It's easy to imagine that those of us here in the early years of the 21st century are at a peak moment of science. We must be special because we exist right now, and are witnessing the wonders of the world as it is right now. It's helpful to remember, though, that everyone currently alive on the face of the Earth just occupies a tiny marker along the long, long line of human history.
Luckily, one of those markers arrives across the United States with the total solar eclipse of Monday, Aug. 21. "For us to come together in the country, this is a really amazing chance to just open the public's eyes to wonder, and get people to think about the most amazing natural phenomenon that can happen on the surface of the Earth," said Angela DesJardin, the principal investigator of the Eclipse Ballooning Project and director of the Montana Space Grant Consortium, during a NASA press conference in June. "It gets people to wonder and think about what's going on in the cosmos and come together in that very human way."
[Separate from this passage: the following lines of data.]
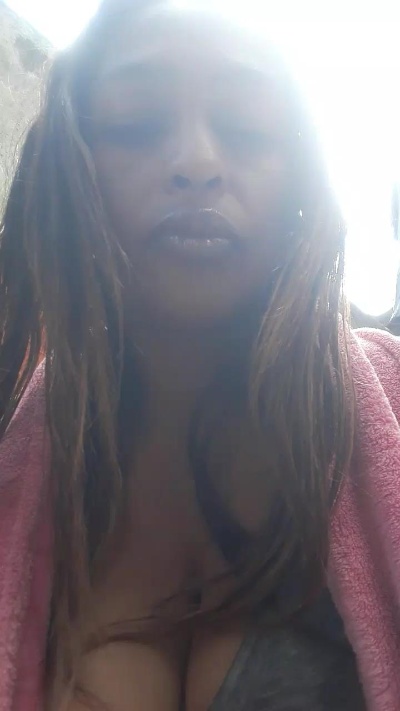 ginn19 live cam on Cam4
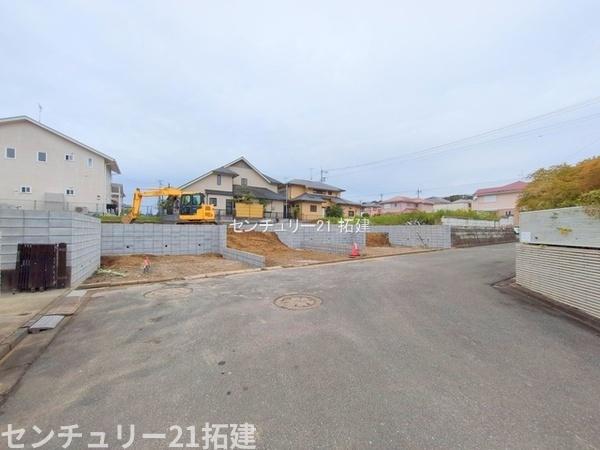 木更津市八幡台6丁目新築住宅・1号棟(前面道路含む現地写真)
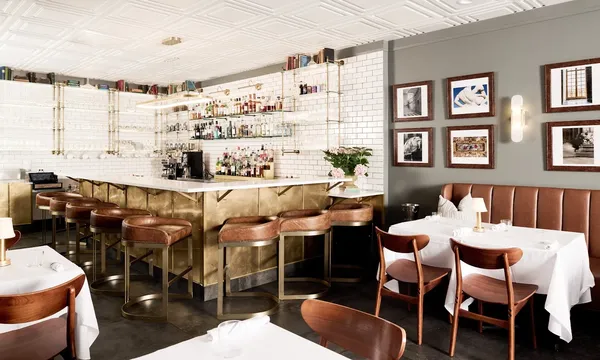 Aboyer Winnetka French-American Brasserie — Michael Lachowicz restaurant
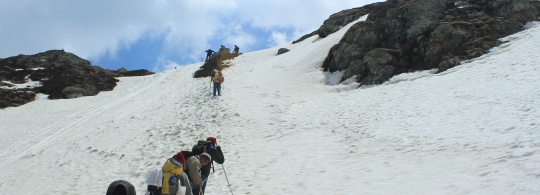 Photo of the Week : Climbing the peak of Saar Pass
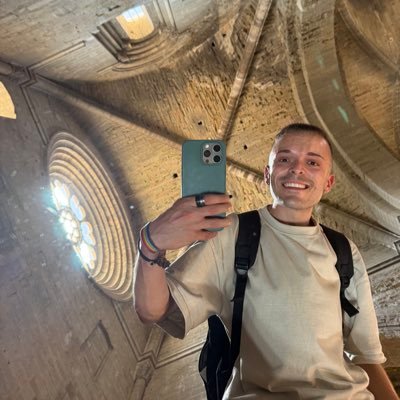 didacmedinasbd's profile picture. Al final et diferencia el cor que tens ❤️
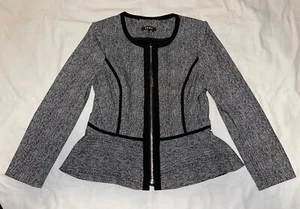 DKNY 139 $ strukturierter moderner Reißverschluss Blazer Schößchen Jacke Gr. 10 Tweed schwarz weiß - Bild 1 von 4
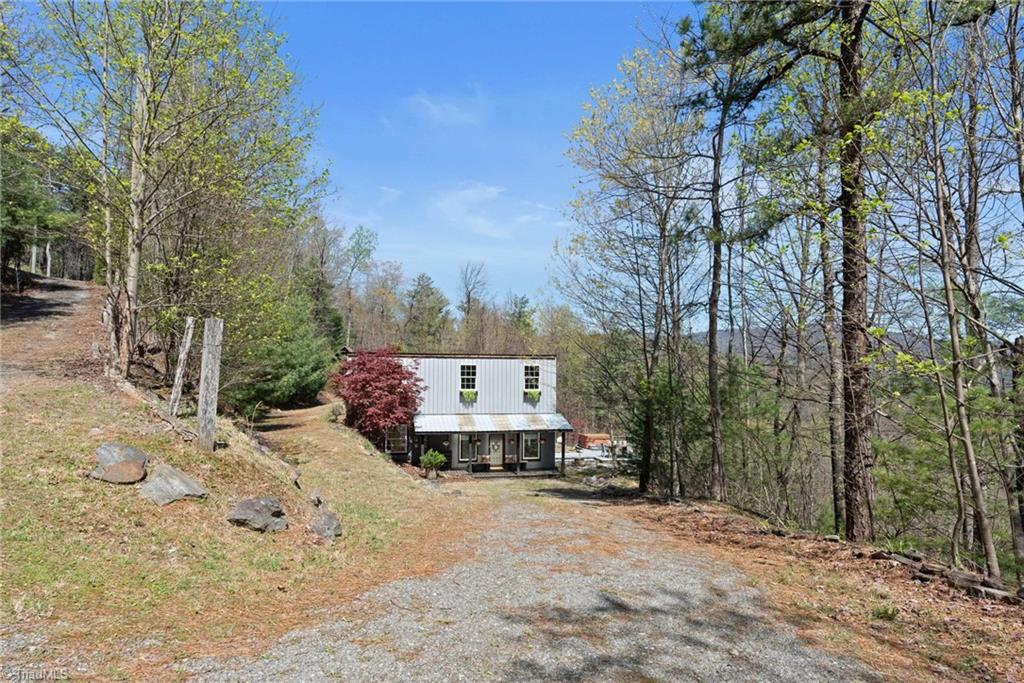 3086 Summit Road Property Photo 29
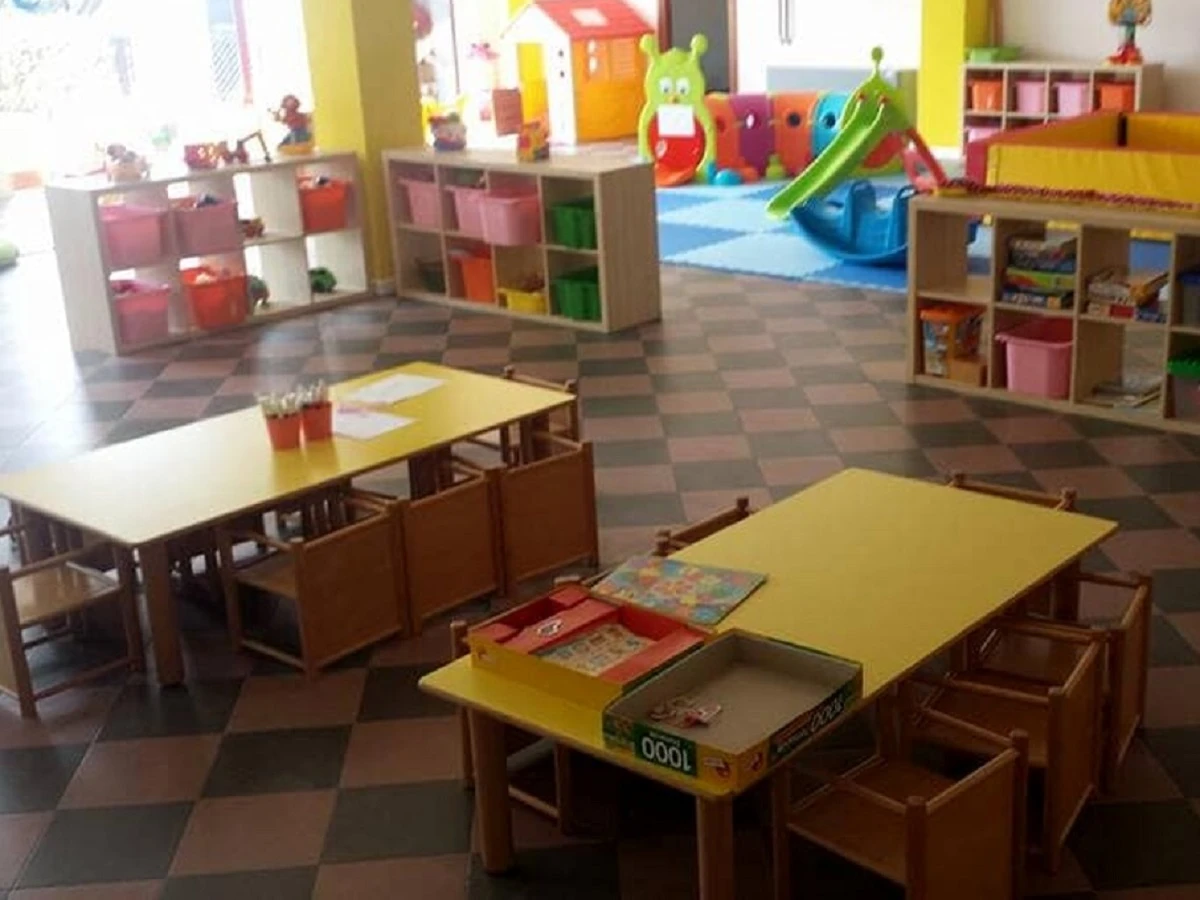 Ingresso di un asilo nido, immagine di repertorio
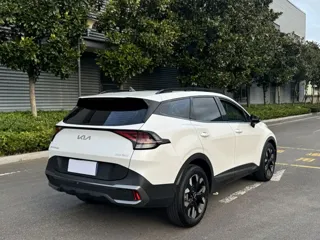 Kia SPORTAGE 2024 купить из Китая, цена 3 138 000 ₽ — Suifenhe Auto
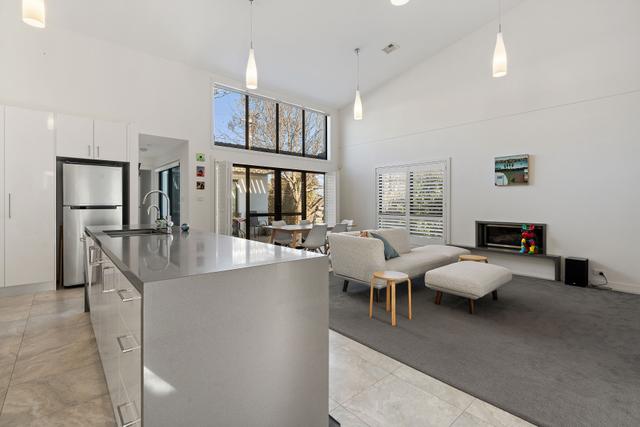 1/12 Gilmore Crescent, ACT 2605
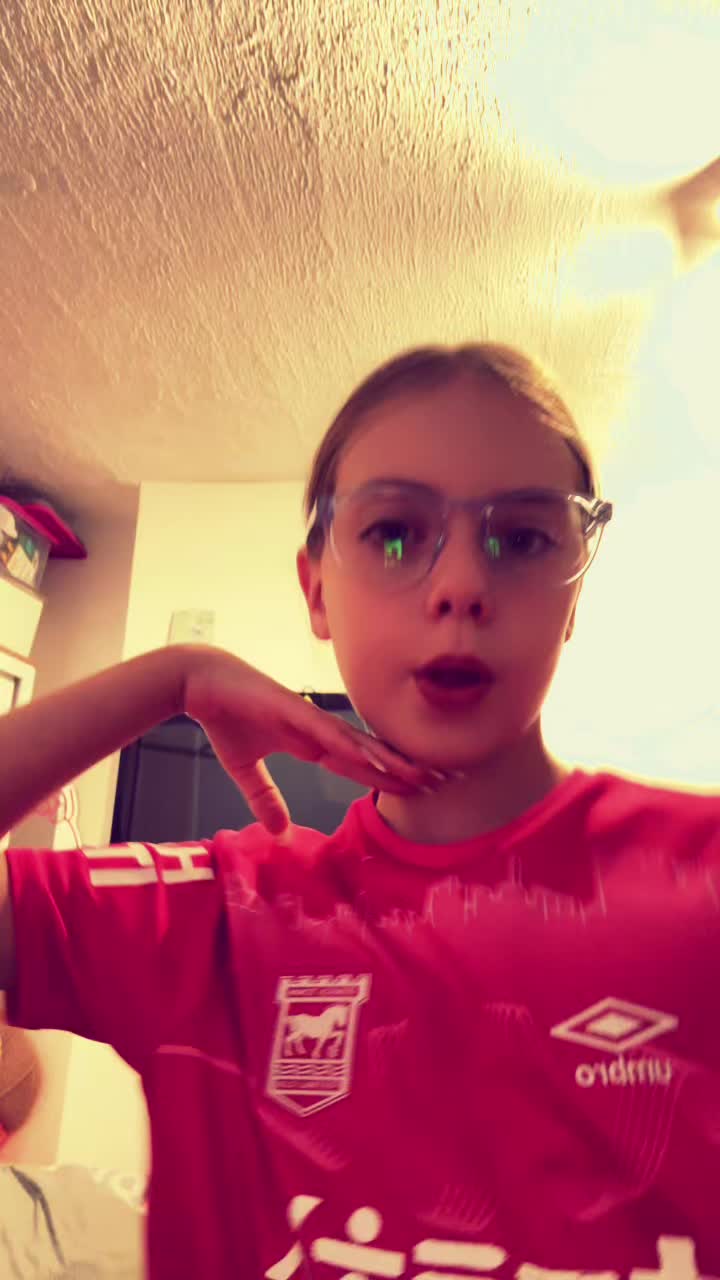 @Brook&paisleys random vids
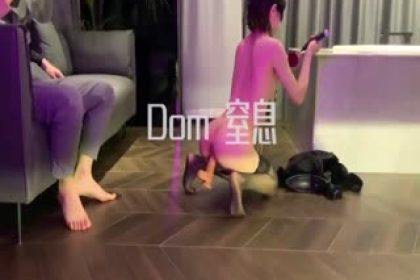 推特DOM-窒息咖啡店女老闆反差婊子sub在主人面前極度淫賤表演自慰插逼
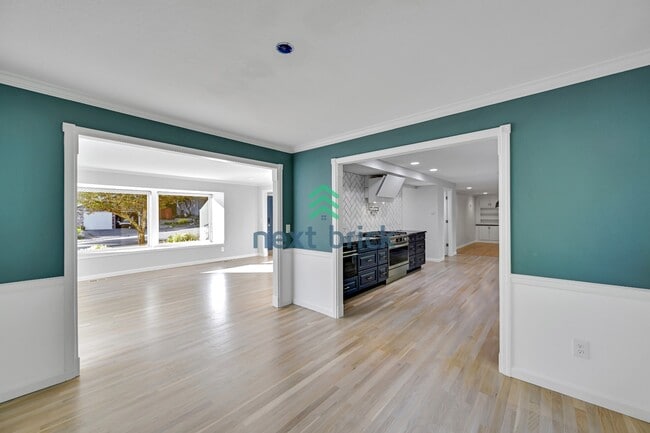 Building Photo - Stunning 5-Bedroom Home in Bellevue’s Top School District!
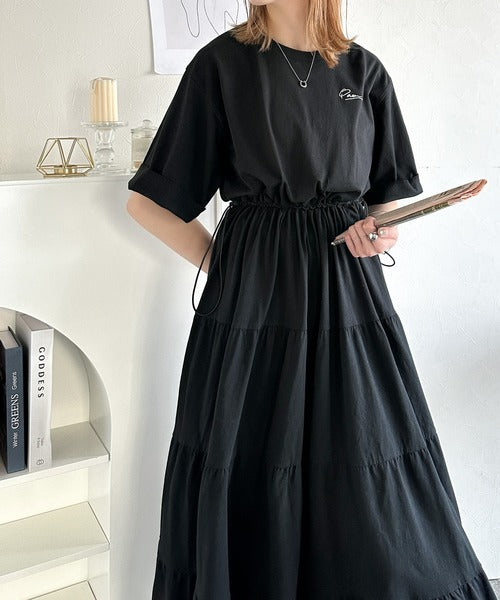 女性らしさを引き立てるデザインが魅力。胸刺繍ドロストティアード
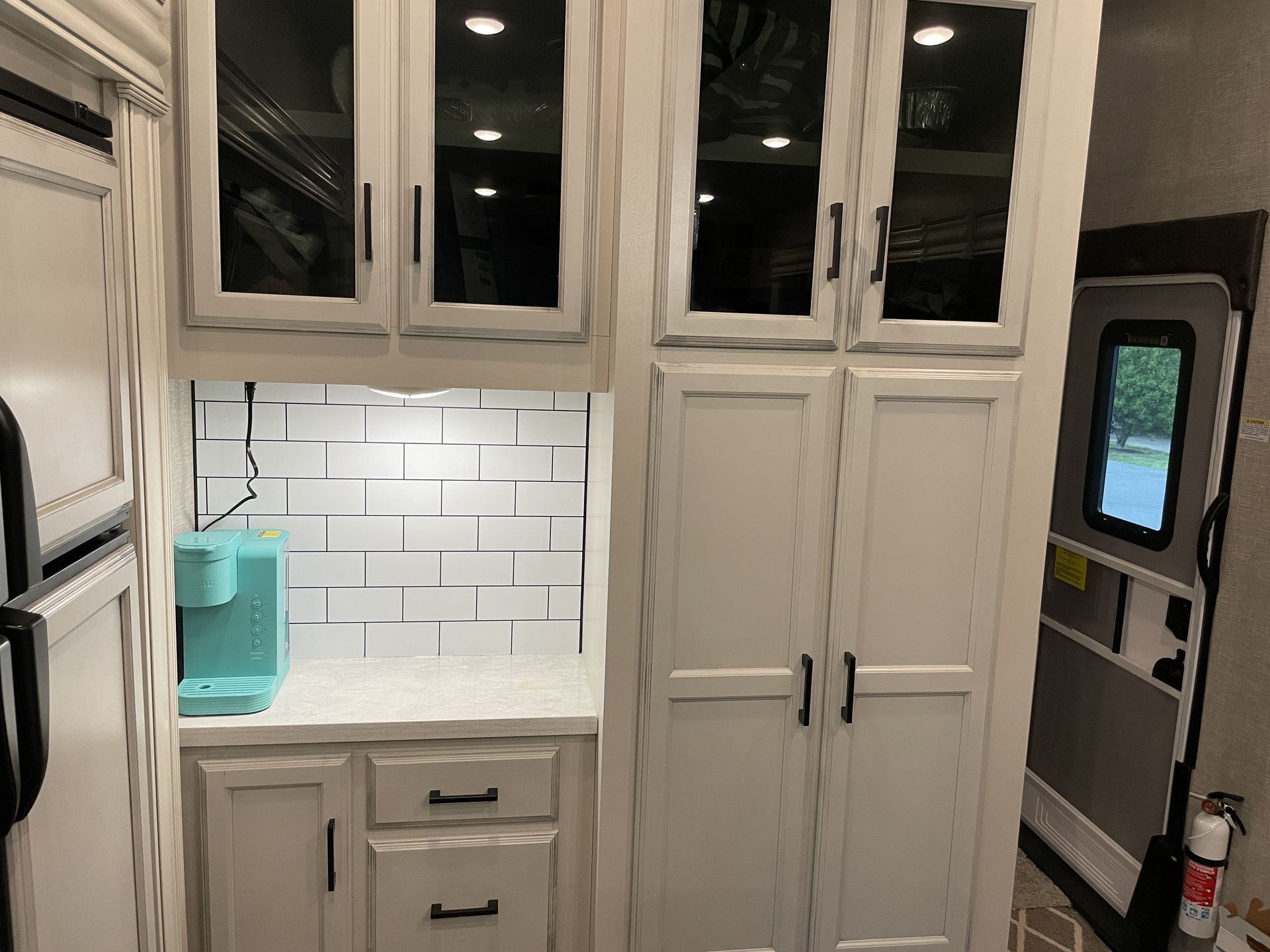 Photo 26 - 2022 Jayco Fifth Wheel rental photo 30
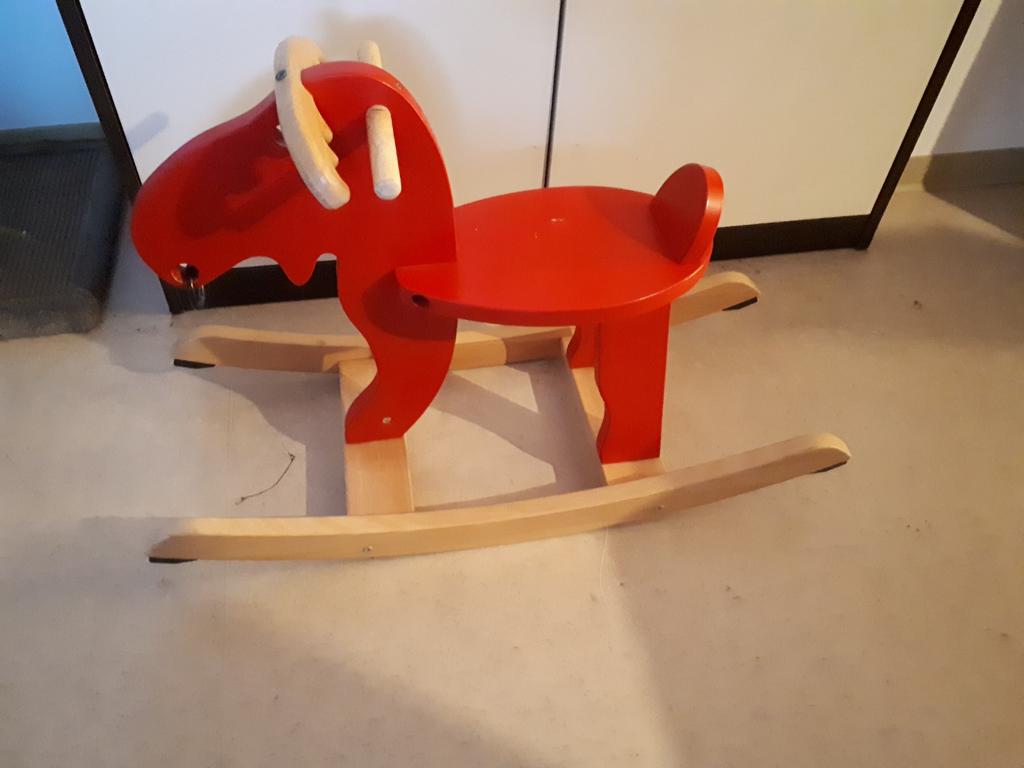 Houten schommelpaard, Ophalen, Gebruikt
And so when something like a total solar eclipse comes calling, remember that people in the past, and all over the world, marveled at the same phenomenon — themselves sitting at their respective peaks of human advancement, even if from today's vantage they seem quaint and outdated. So too will we, in decades and centuries to come. For now, though, enjoy an eclipse if and as you can.
Now That's Interesting
By photographing stars near the sun during totality of the May 29, 1919, solar eclipse, scientist Sir Arthur Eddington showed that gravity could bend light, validating Albert Einstein's theory of general relativity.